Now, there is an inevitable objection lurking here, and it is one I might have voiced myself back when the original ‘pro’ argument made sense to me. Namely this: surely there are poor white males out there who can’t afford an education! How can you say that their predicament is not worth alleviating! To which I now respond: I do think it is worth alleviating. What I challenge is the implicit assumption that it is their membership within privileged social categories that is the relevant point of focus here, as opposed to their almost-guaranteed membership in marginalized social categories; my imaginary interlocutor has already stipulated that these unfortunate kids are poor, and I think scholarships for poor people (that are blind with respect to race, gender, etc) are a fabulous idea. And I am willing to bet that a non-trivial portion of the group that’s supposed to be providing a counterexample here is also one of: disabled, from a single-parent household, overweight, homosexual or transgender, et cetera, et cetera. All of these are ways of getting the short end of society’s stick that are worth fixing. If we want to level the playing field, these are the factors to pay attention to as we try to figure out to whom we should give a leg up.

What About Policy?

So, does this mean I’m in favor of affirmative action policies for workplaces and universities?

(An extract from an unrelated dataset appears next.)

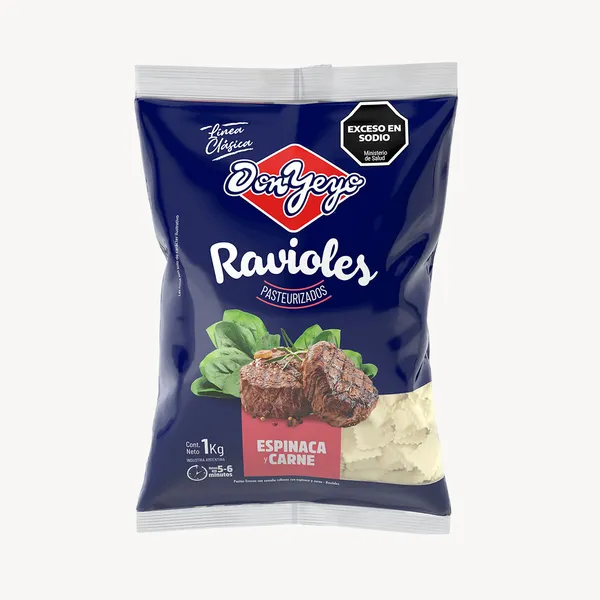 Ravioles Espinaca y Carne x 1000g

For one thing, I find that such initiatives are often worded in a rather inane way: basically, “when choosing between equally qualified candidates, choose the one from the disadvantaged social category.” Fundamentally, though, I am just disinclined to believe in the existence of such things as equally qualified candidates. I consider this a rather question-evading way to frame the idea.

If all a given firm cares about is hiring the very best applicant, broader social inequalities be damned, then … well, I am going to withhold judgment on the question of whether a statute ought to force them to do otherwise. However, that is hardly the end of the discussion. To begin with, although it is all too easy to spout pablum on the topic of diversity, it really does matter to have people with different perspectives born of various cultural backgrounds and social categories in a group. A room full of all and only people of the same race, gender, religion, social class, et cetera, “best” candidates though they may have been, making a decision is just necessarily going to be blind to certain aspects of, perspectives on, and potential ramifications stemming from their array of options. This is one way, for instance, that disastrous results in healthcare research and interventions can come about. People come into a foreign culture, tell locals what their problems are, how they are going to fix them, make a mess of things, take all the credit for only the successful actions, and so on.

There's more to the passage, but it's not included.